NOES -37: Cebekhulu, R N; Coetzee, T W; Dreyer, A M; Duncan, P C; Farrow, S B; Harris, T D; Hill-Lewis, G G; James, W G; Kalyan, S V; Kloppers-Lourens, J C; Kopane, S P; Lotriet, A; Marais, E J; Masango, S J; Morgan, G R; Motau, S C; Mpontshane, A M; Msweli, H S; Oriani-Ambrosini, M G; Rabie, P J; Robinson, D; Ross, D C; Schfer, D A; Selfe, J; Shinn, M R; Smalle, J F; Steenhuisen, J H; Stubbe, D J; Swart, S N; Swathe, M M; Terblanche, J F; Van den Berg, N J; Van der Westhuizen, A P; Van Schalkwyk, H C; Waters, M; Wenger, M; Zikalala, C N Z.
ABSTAIN - 8: Diemu, B C; Botha, T; Kganare, D A; Koornhof, N J J v R; Mashiane, L M; Mc Intosh, G B D; Njobe, M A A; Ramatlakane, L.
Question agreed to. [Applause.]
Bill accordingly read a second time.
Chairperson, I would like to rise on a point of order relating to the order that we have just dealt with. When Dr Oriani-Ambrosini raised a point of order and indicated that he had three points of order, the previous Chair ruled or forced him to sit down before he had raised his third point of order.
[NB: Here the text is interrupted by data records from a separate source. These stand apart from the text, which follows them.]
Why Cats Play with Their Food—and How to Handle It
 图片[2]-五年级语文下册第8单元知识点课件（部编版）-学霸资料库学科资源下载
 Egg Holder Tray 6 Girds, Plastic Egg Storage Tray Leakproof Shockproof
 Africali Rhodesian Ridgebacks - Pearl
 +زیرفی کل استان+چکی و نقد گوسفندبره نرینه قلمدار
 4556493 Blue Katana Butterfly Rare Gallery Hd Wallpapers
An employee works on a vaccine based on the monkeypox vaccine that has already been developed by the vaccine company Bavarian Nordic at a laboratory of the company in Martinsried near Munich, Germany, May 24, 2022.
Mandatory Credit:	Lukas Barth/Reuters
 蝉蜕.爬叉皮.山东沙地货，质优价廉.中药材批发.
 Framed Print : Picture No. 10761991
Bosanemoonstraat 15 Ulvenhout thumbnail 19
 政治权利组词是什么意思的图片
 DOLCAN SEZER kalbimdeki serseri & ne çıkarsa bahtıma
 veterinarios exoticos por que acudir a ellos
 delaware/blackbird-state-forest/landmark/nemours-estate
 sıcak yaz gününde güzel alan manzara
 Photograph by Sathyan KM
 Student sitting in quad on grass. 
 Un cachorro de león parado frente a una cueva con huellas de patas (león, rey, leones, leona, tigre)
Now, in terms of Rule 17, when a point of order is raised, the member called to order shall resume his or her seat. After the point of order has been raised with the Presiding Officer by the member, the Presiding Officer shall give his or her ruling or decision thereon. In this case, it did not happen. Can we get a ruling on this, Mr Chair?
Hon member, the ruling is that you should have raised this point of order then, not now. [Applause.]